One More Shot: what is the sequel to One Shot, with Scott Adkins, worth?
The One Shot miracle prototype unfolds into a franchise and long-term action saga in the sequel One More Shot, finally available in France on VOD.
Less than twenty-four months later One Shot, and just one year after James Nunn’s last film (Shark Bay), disembarks One More Shot on VOD, the sequel to this little miracle of broke action, entirely shot in (false) sequence shot. The unitary and prototype aspect of the original project seemed to be included even in its title. Furthermore, what could we possibly add to this story of a Navy Seal, played by the beloved Scott Adkins, preventing the exfiltration of a dangerous terrorist into the heart of a Polish imitation Guantánamo?
Watch One More Shot on VOD on Première Max
Dirty bombs and dirty tricks
The start of One More Shot leaves you speechless: cuts everywhere in the image. At least twenty cuts in barely two minutes to show us, using subjective cameras, a failed raid by Navy Seals in search of a “dirty bomb”. Would the idea of the “single plan” have fizzled out? At the end of the sequence, a slow zoom out reveals a tablet screen which was broadcasting the montage of the assault…

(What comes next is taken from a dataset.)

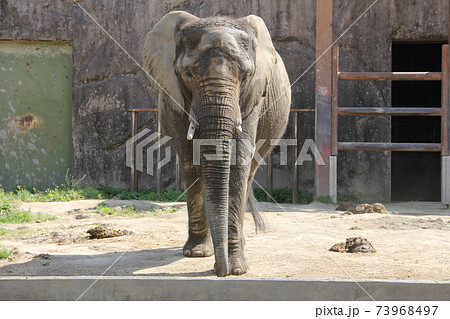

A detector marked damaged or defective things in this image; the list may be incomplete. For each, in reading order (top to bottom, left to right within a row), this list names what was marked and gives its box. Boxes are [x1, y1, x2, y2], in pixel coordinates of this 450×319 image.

rusty metal door [0, 42, 71, 192]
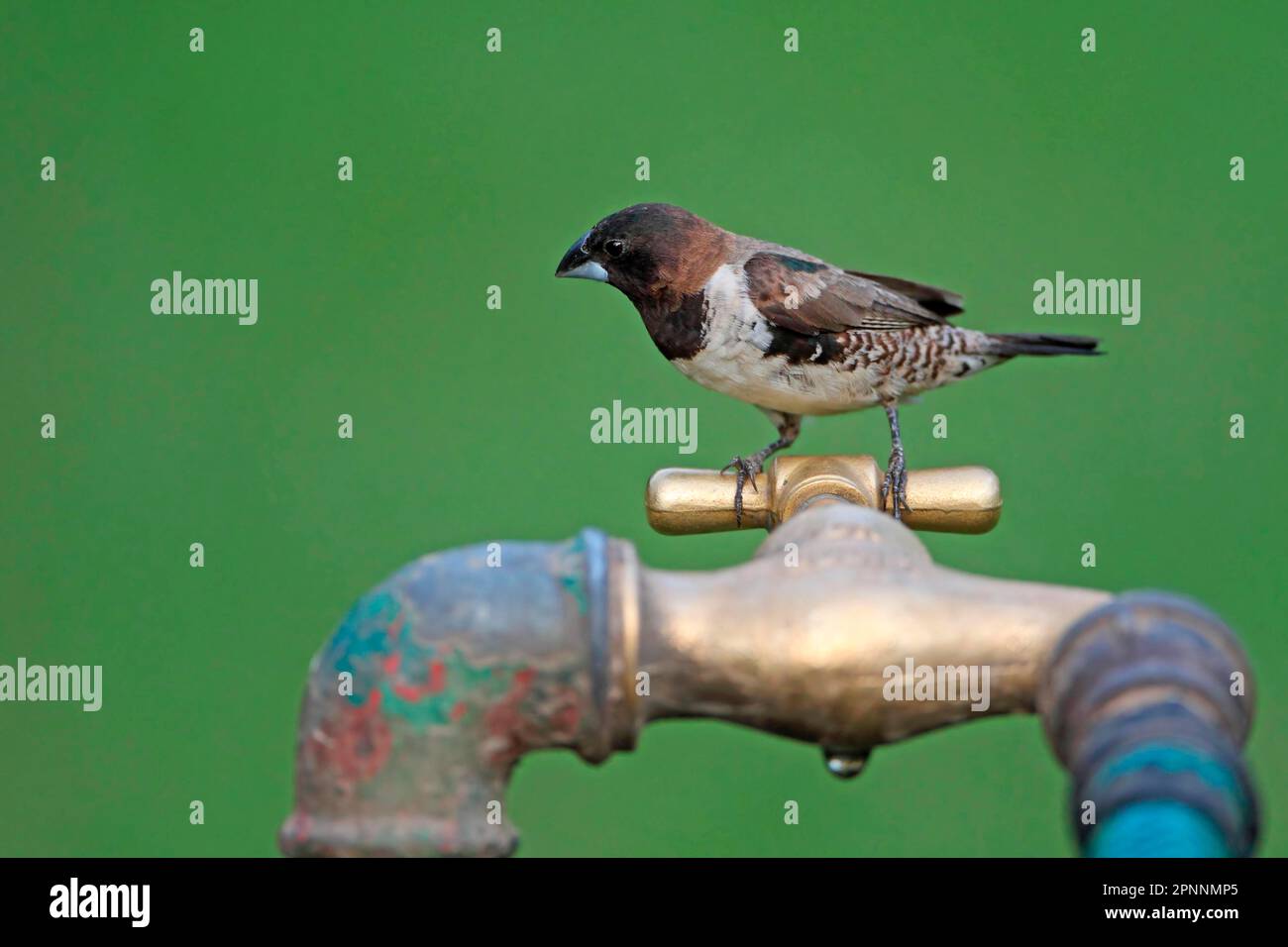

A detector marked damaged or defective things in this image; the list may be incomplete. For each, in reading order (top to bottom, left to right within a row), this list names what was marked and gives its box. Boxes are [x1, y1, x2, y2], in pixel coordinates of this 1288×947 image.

corroded pipe [277, 503, 1102, 860]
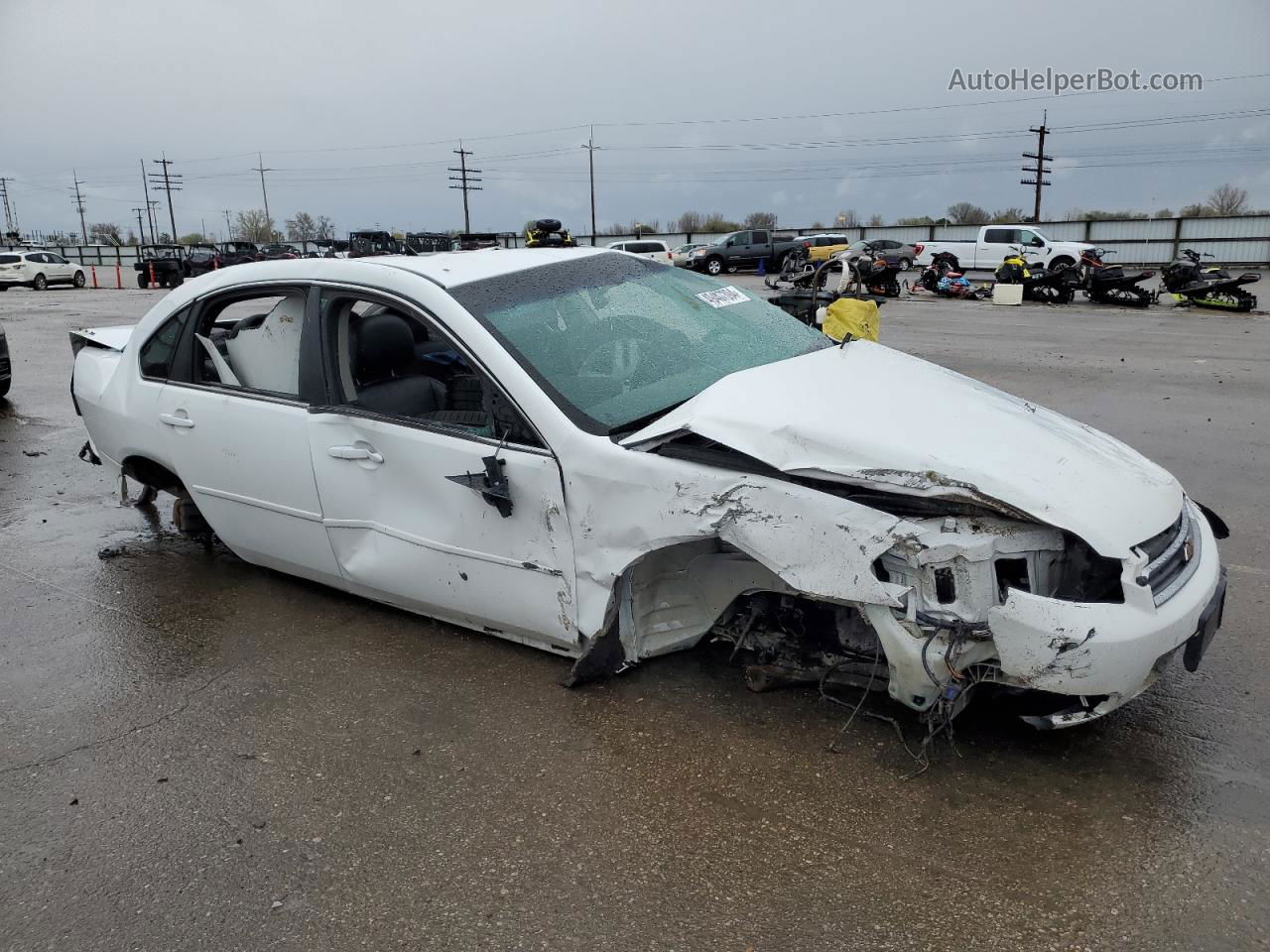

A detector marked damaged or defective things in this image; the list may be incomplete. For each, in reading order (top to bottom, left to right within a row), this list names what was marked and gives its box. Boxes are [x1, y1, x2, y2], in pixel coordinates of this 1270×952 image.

This twist is like this sequel, which begins one or two hours after the end of the previous one, and this time finds itself with a lot of things to tell, a lot of characters to present to us, and as if hampered by its initial concept . One Shot was to the bone, it was a siege film, almost behind closed doors, this one feels obliged to do a lot more (number two syndrome obliges).
He propels Adkins inside a huge airport (desert, at night) to resolve a scheme led by a “rogue nation” aiming to blow up all of Washington and its president with a dirty bomb, therefore. Hence a lot of blabla, plots stated by approximate actors, and captured in sequence and real time for almost two hours. Ouch.
Behind this almost crippling problem there are still sensational moments of action, driven less by the physical condition of Scott Adkins, who seemed a bit tired here, than by the inspiration of James Nunn. Know that there are many of them and that each one has been designed as a small staging equation to be solved (From what point of view? Closed space or wide open? More suspense or melee? With or without exploding heads?) .
Nunn systematically responds in an inventive way to these problems − this with a budget that we can once again imagine is extremely limited. He seems to like it so much that he is already making an appointment for a third, or even a fourth, part. So we’ll see you again in about ten months, for the already highly anticipated One More More Shot.
One More Shot by James Nunn, with Scott Adkins, Michael Jai-White, Tom Berenger. On VOD.